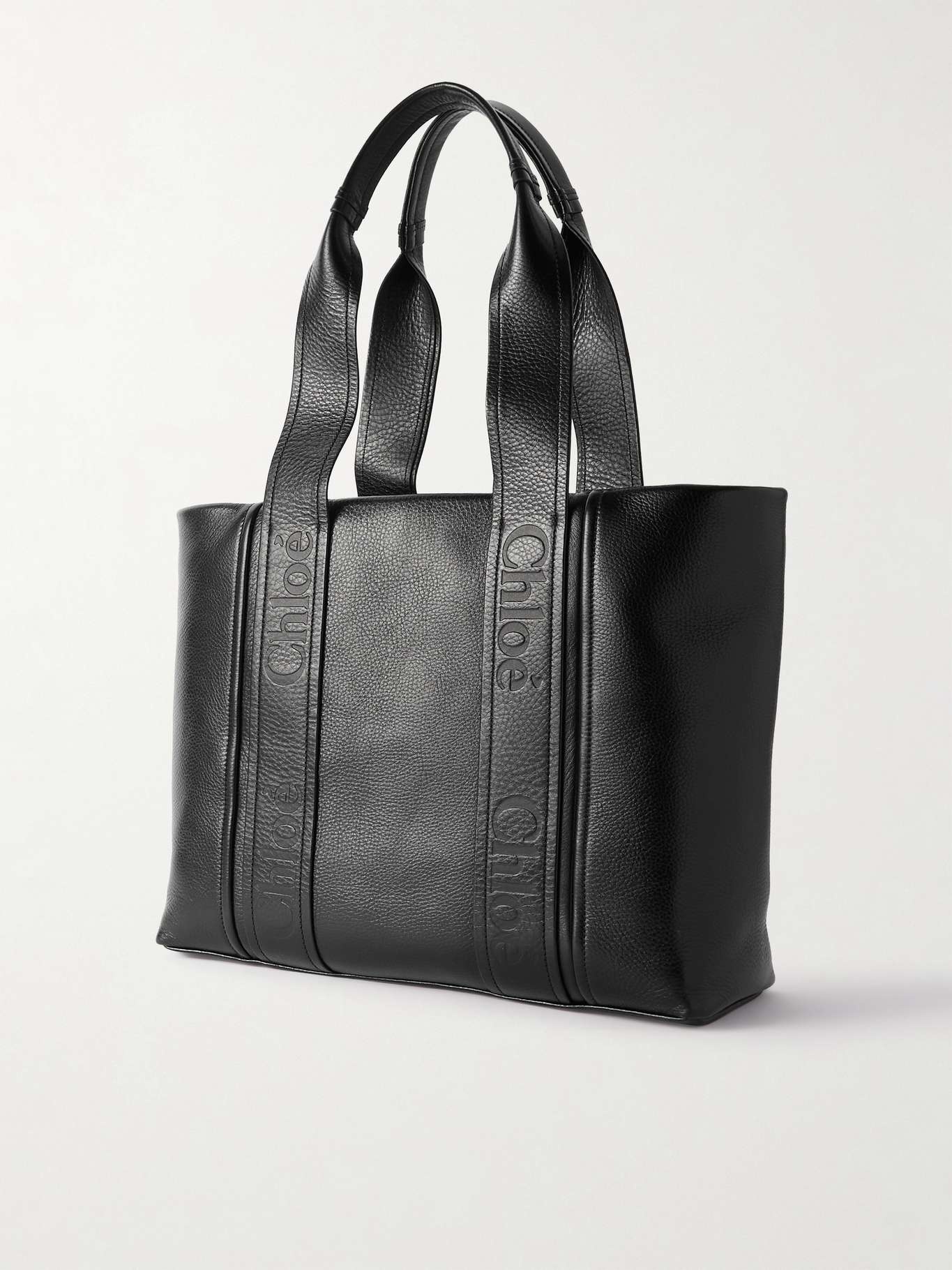 Woody textured-leather tote - 3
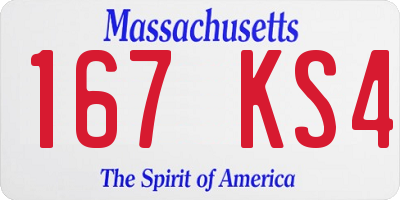 MA license plate 167KS4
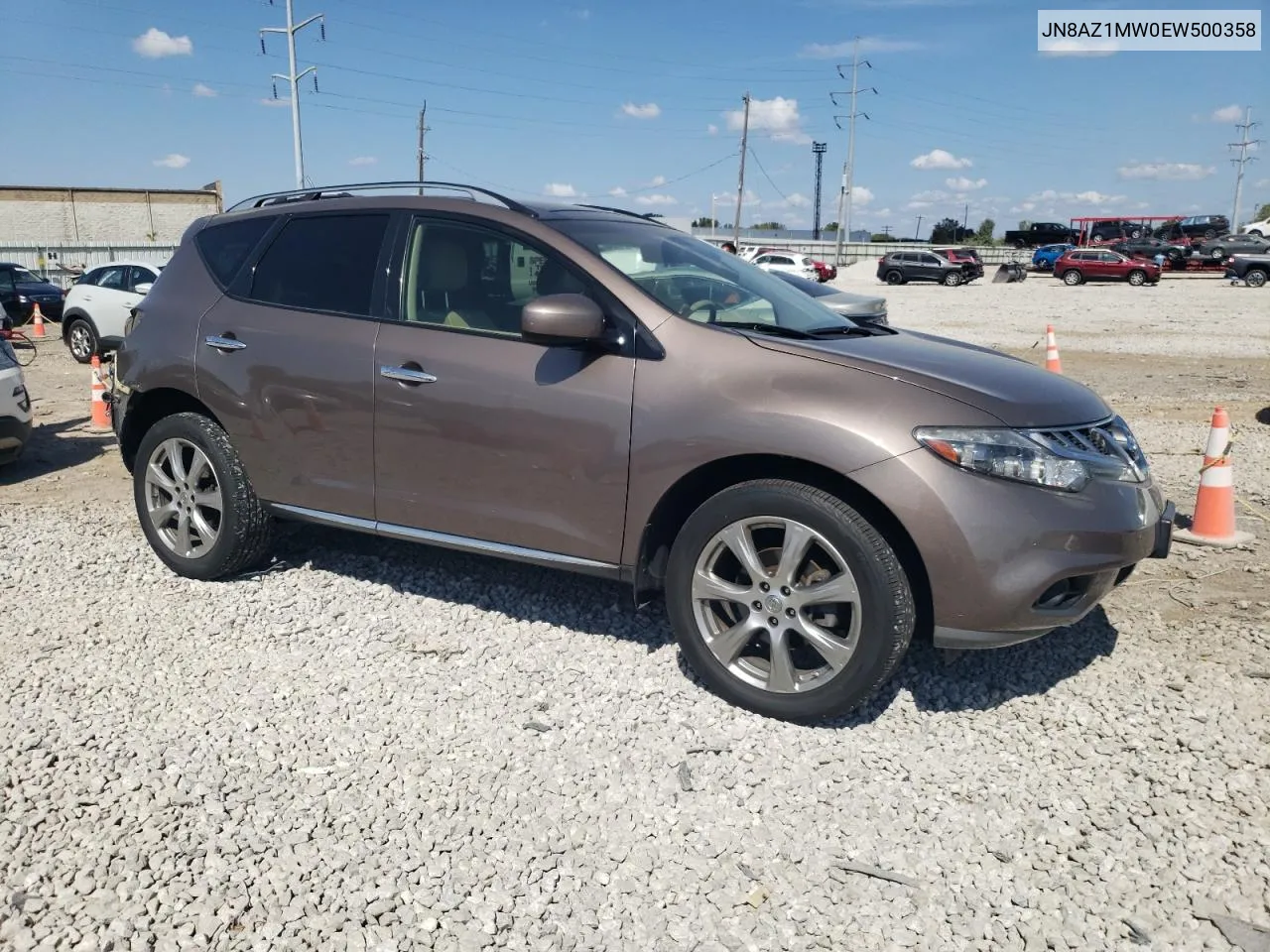 2014 Nissan Murano S VIN: JN8AZ1MW0EW500358 Lot: 72076604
........
> Your assignment
I would like the material repeated in full and exactly, with its images omitted.

> Answer to this exercise
 Woody textured-leather tote - 3
 MA license plate 167KS4
 2014 Nissan Murano S VIN: JN8AZ1MW0EW500358 Lot: 72076604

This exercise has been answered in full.